Receptor-interacting protein 140 (RIP140), also known as receptor interacting protein 1 (NRIP1) was initially identified as a coregulatory protein of estrogen receptor α (ERα) and orphan nuclear receptor TR2 [1921]. Subsequently, RIP140 was found to interact with a wide spectrum of transcription factors including all the nuclear receptors tested. In most of these studies, RIP140 was shown to exert a corepressive activity for target gene transcription, primarily by recruiting repressive co-regulatory molecules such as HDAC3, CtBP and CDK8 [2224]. In contrast, several studies showed that RIP140 could also act as a transcription coactivator, most notably for NF-kB’s activation of proinflammatory cytokine production in macrophages [25, 26]. RIP140 expression was detected mainly in ovary, heart and metabolic tissues such as adipose, muscle, and liver. In adipocytes, RIP140 was found to repress the expression of UCP1 and GLUT4 to reduce mitochondria activity and glucose uptake, respectively [27, 28], and to increase the expression of key lipogenic enzymes to promote lipogenesis [27, 29]. The physiological role for RIP140 in ovulation and metabolism was demonstrated in studies using RIP140-null mice. These whole body RIP140 knockout mice were defected in ovulation and resistant to high-fat diet (HFD)-induced T2DM and associated metabolic disorders [27, 3032]. Interestingly, RIP140 appeared to also regulate gluconeogenesis and lipid storage in hepatocytes, could be involved in the metabolic response during starvation and in cancer cachexia [33], and might affect skeletal muscle and cardiac muscle metabolism to modulate muscle strength and cardiac functions [2, 34]. All these studies suggest that RIP140 is involved in diet-induced diabetes and metabolic diseases through its nuclear activity in adipocytes, liver and muscle.

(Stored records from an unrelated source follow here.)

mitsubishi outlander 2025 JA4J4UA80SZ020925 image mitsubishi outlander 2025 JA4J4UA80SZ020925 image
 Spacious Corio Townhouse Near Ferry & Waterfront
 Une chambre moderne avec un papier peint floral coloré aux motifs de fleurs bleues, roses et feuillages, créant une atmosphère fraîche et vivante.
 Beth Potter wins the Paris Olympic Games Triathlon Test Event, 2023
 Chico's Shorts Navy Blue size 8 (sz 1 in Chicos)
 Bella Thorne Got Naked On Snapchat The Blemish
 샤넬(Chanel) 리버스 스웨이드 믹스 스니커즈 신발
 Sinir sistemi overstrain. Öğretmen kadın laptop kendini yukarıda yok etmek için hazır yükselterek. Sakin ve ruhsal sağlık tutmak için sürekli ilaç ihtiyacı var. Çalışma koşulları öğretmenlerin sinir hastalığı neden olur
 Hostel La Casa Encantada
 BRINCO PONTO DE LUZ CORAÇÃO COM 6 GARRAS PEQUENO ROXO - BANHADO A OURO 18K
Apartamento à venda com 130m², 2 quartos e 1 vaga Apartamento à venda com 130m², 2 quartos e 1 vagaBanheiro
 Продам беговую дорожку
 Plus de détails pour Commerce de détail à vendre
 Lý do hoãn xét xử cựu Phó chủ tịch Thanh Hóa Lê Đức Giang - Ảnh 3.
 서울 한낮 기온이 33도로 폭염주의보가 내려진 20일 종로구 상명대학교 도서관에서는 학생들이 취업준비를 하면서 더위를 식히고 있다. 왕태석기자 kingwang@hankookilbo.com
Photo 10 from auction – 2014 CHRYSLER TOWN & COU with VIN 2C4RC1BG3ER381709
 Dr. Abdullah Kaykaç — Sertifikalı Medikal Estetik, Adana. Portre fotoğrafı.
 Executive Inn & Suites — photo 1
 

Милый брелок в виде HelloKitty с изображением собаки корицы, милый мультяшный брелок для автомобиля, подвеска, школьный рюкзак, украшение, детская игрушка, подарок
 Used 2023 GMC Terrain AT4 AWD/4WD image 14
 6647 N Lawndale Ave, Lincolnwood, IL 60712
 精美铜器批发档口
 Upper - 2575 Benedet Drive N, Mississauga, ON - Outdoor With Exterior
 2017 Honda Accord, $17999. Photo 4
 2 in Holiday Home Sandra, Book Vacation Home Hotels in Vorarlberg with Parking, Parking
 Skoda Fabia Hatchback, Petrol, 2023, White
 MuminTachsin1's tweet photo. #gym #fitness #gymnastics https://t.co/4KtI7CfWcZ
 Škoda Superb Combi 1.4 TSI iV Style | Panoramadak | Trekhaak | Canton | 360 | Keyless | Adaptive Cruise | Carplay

A systemic mass-spectrometry investigation revealed surprisingly complex post translational modifications (PTMs) of RIP140. The PTMs of RIP140 include phosphorylation, acetylation, methylation, PLP conjugation, ubiquitination, and sumoylation [31, 3543], which can modulate its gene regulatory activity, protein stability, cellular distribution, and/or interacting partners (Fig. 1 and Table 1) [31, 44]. These PTMs can be categorized into two principal pathways, one is to stimulate RIP140 nuclear export and cytoplasmic activities and the second is to enhance RIP140 nuclear retention and its gene regulatory activities (Fig. 2). Conceivably, signaling pathways that elicit these PTMs of RIP140 can modulate normal adipocyte functions. This review summarizes those PTMs related to RIP140‘s cytoplasmic distribution and activities in adipocytes, as well as signaling pathways triggering these PTMs. The pathophysiological manifestation of these PTMs is reviewed with a particular focus on the development of metabolic diseases.

Fig. (1).

Fig. (1)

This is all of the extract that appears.